ПРОБЛЕМЫ ПОЭТИКИ ДОСТОЕВСКОГО - МИХАИЛ БАХТИН
Шрифт:
Интервал:
Закладка:
«И слёз давешних, которых перед тобой я, как пристыженная баба, не мог удержать, никогда тебе не прощу! И того, в чем теперь тебе признаюсь, тоже никогда тебе не прощу!» — так кричит он во время своих признаний полюбившей его девушке. «Да понимаешь ли ты, как я теперь, высказав тебе это, тебя ненавидеть буду за то, что ты тут была и слушала? Ведь человек раз в жизни только так высказывается, да и то в истерике!.. Чего ж тебе ещё? Чего ж ты ещё, после всего этого, торчишь передо мной, мучаешь меня, не уходишь?» (IV, 237–238).
Но она не ушла. Случилось ещё хуже. Она поняла его и приняла таким, каков он есть. Её сострадания и приятия он не мог вынести.
«Пришло мне тоже в взбудораженную мою голову, что роли ведь теперь окончательно переменились, что героиня теперь она, а я точно такое же униженное и раздавленное создание, каким она была передо мною в ту ночь — четыре дня назад… И все это ко мне пришло ещё в те минуты, когда я лежал ничком на диване!
Боже мой! да неужели ж я тогда ей позавидовал?
Не знаю, до сих пор ещё не могу решить, а тогда, конечно, ещё меньше мог это понять, чем теперь.
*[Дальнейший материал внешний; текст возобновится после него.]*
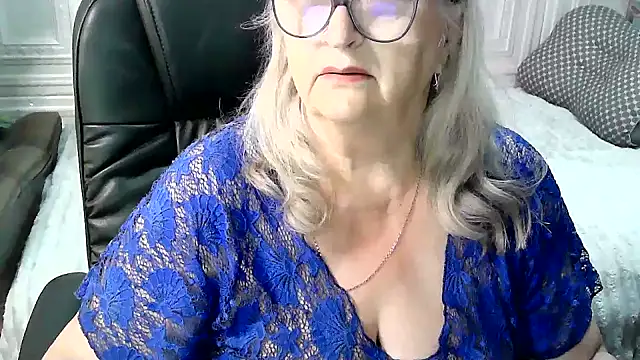 LolkaAlyss webcam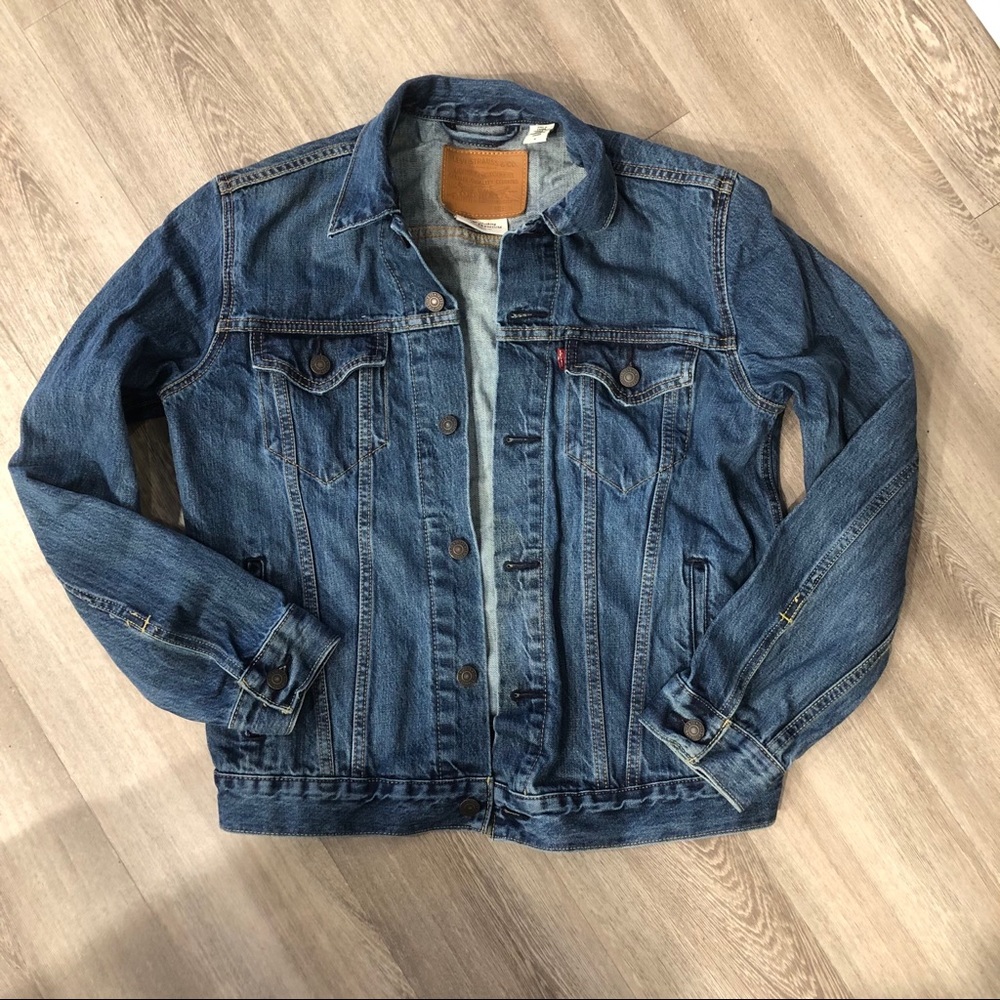 NWOT Levis denim jacket size MEDIUM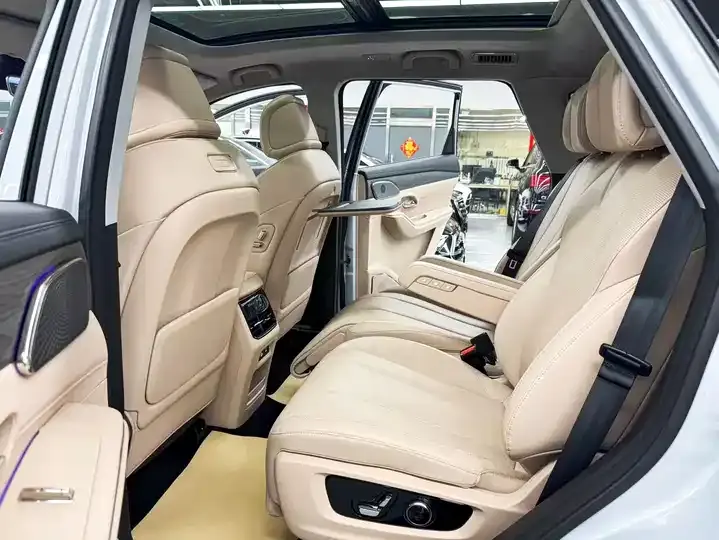 Jetour ShanHai L9 2025 1.5TD 2DHT Ultimate Edition 6 8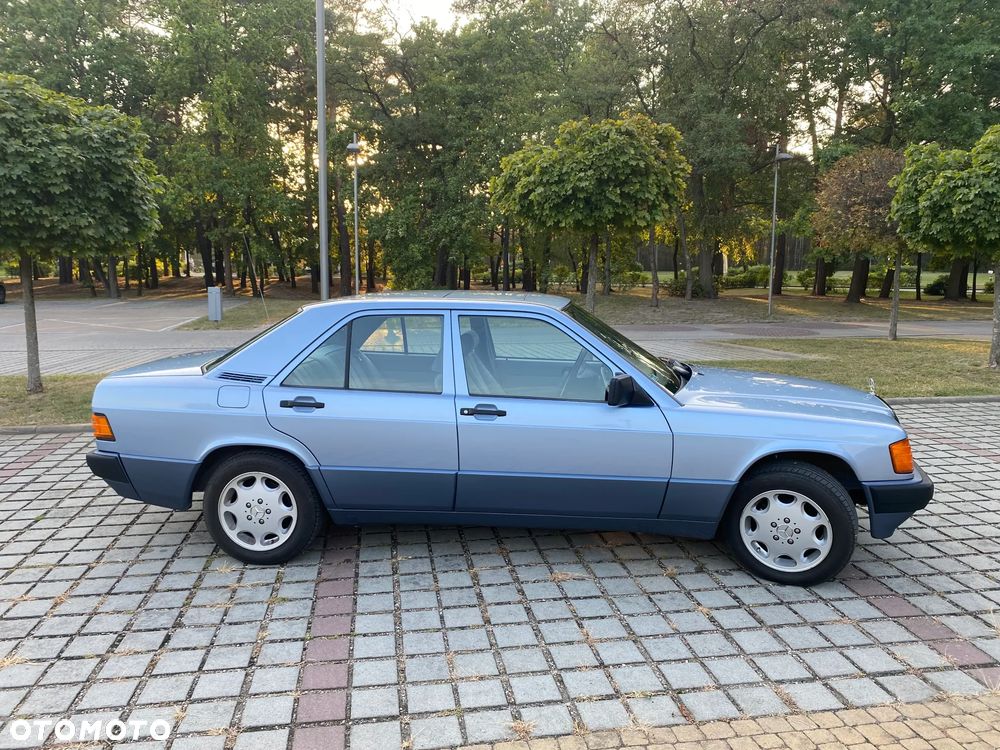 Mercedes-Benz W201 (190) - 1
Без власти и тиранства над кем-нибудь я ведь не могу прожить… Но… но ведь рассуждениями ничего не объяснишь, а следственно, и рассуждать нечего» (IV, 239).
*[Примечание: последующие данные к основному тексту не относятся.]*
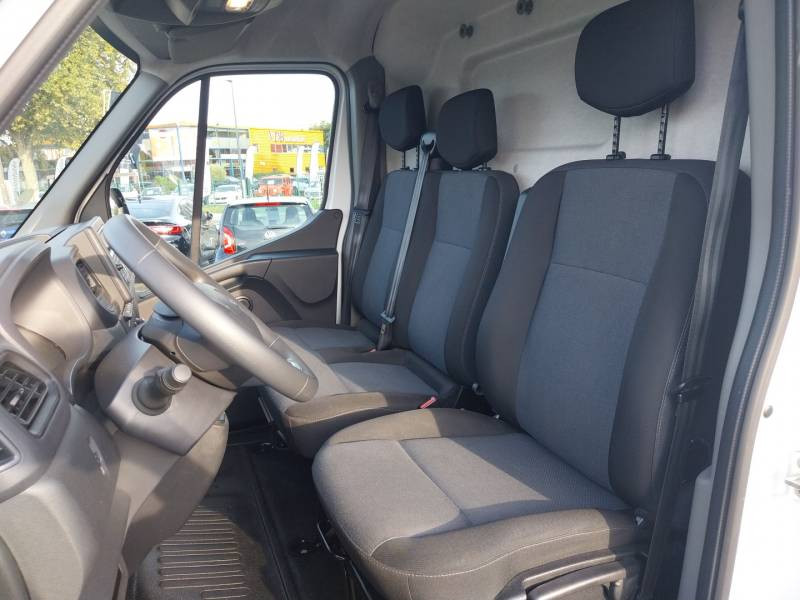 Renault Master FOURGON FGN TRAC F3500 L2H2 BLUE DCI 135 CONFORT 2023 - photo n°10 Renault Master FOURGON FGN TRAC F3500 L2H2 BLUE DCI 135 CONFORT  occasion à Toulouse - photo n°10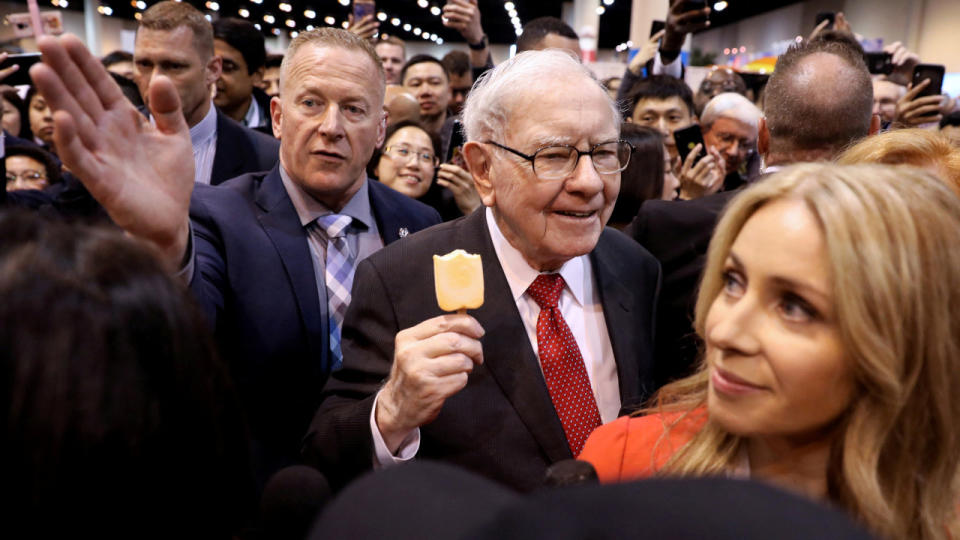 Berkshire Hathaway Chairman Warren Buffett walks through the exhibit hall as shareholders gather to hear from the billionaire investor at Berkshire Hathaway Inc's annual shareholder meeting in Omaha, Nebraska, U.S., May 4, 2019. REUTERS/Scott Morgan/File Photo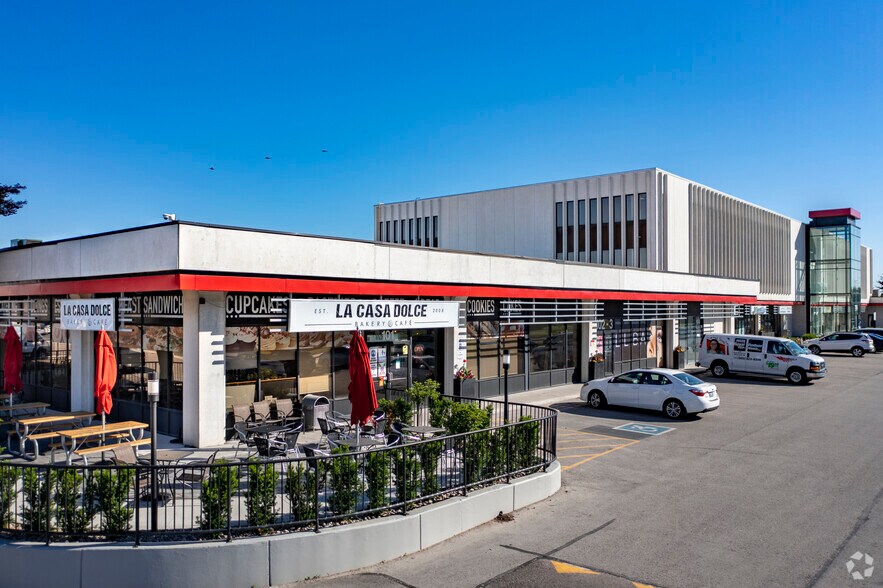 More Photos Of 755 Queensway E, Mississauga Medical For Lease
«Человек из подполья» остаётся в своём безысходном противостоянии «другому». Реальный человеческий голос, как и предвосхищенная чужая реплика, не могут завершить его бесконечного внутреннего диалога.
Мы уже говорили, что внутренний диалог (то есть микродиалог) и принципы его построения послужили тою основою, на которой Достоевский первоначально вводил другие реальные голоса. Это взаимоотношение внутреннего и внешнего, композиционно выраженного, диалога мы должны рассмотреть теперь внимательнее, ибо в нём сущность диалоговедения Достоевского.
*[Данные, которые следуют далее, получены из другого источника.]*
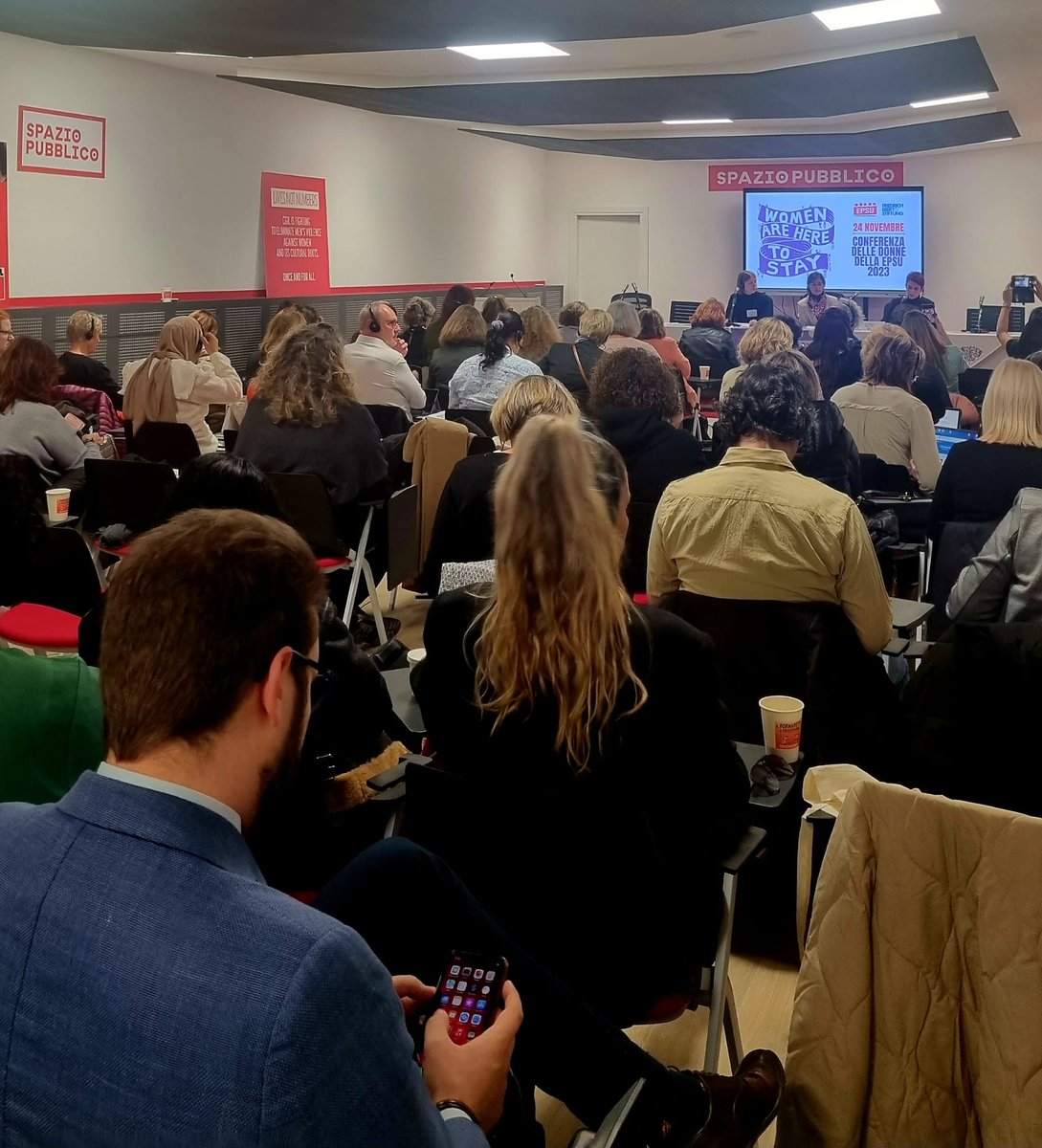 fpcgil_internaz's tweet image. Al via la conferenza @EPSUnions delle donne con l'intervento di @ghiglione_lara #siamoquiperrrstare 
#womenareheretostay 
#25novembre 
#stopallaviolenzasulledonne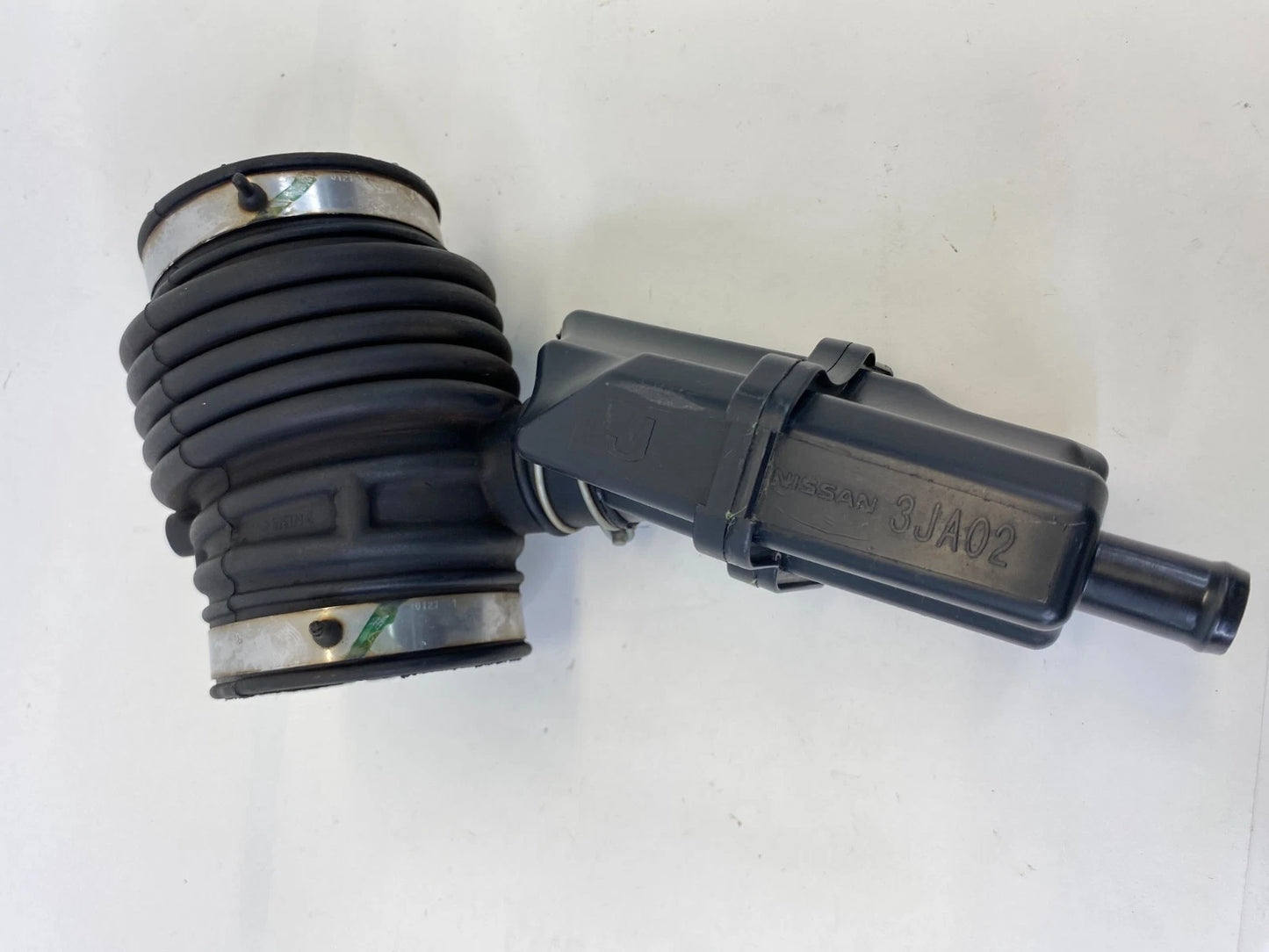 2013-2016 NISSAN PATHFINDER 3.5L V6 ENGINE AIR INTAKE HOSE DUCT RESONATOR OEM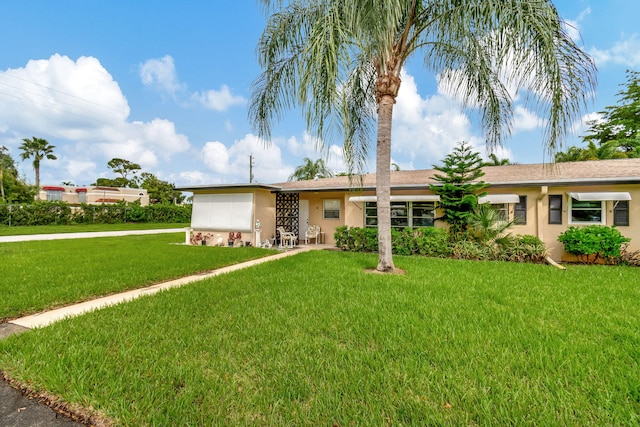 single story home with a front lawn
Мы видели, что в «Двойнике» второй герой (двойник) был прямо введён Достоевским как олицетворённый второй внутренний голос самого Голядкина. Таков же был и голос рассказчика. С другой стороны, внутренний голос Голядкина сам являлся лишь заменою, специфическим суррогатом реального чужого голоса. Благодаря этому достигалась теснейшая связь между голосами и крайняя (правда, здесь односторонняя) напряжённость их диалога. Чужая реплика (двойника) не могла не задевать за живое Голядкина, ибо была не чем иным, как его же собственным словом в чужих устах, но, так сказать, вывернутым наизнанку словом, с перемещённым и злостно искажённым акцентом.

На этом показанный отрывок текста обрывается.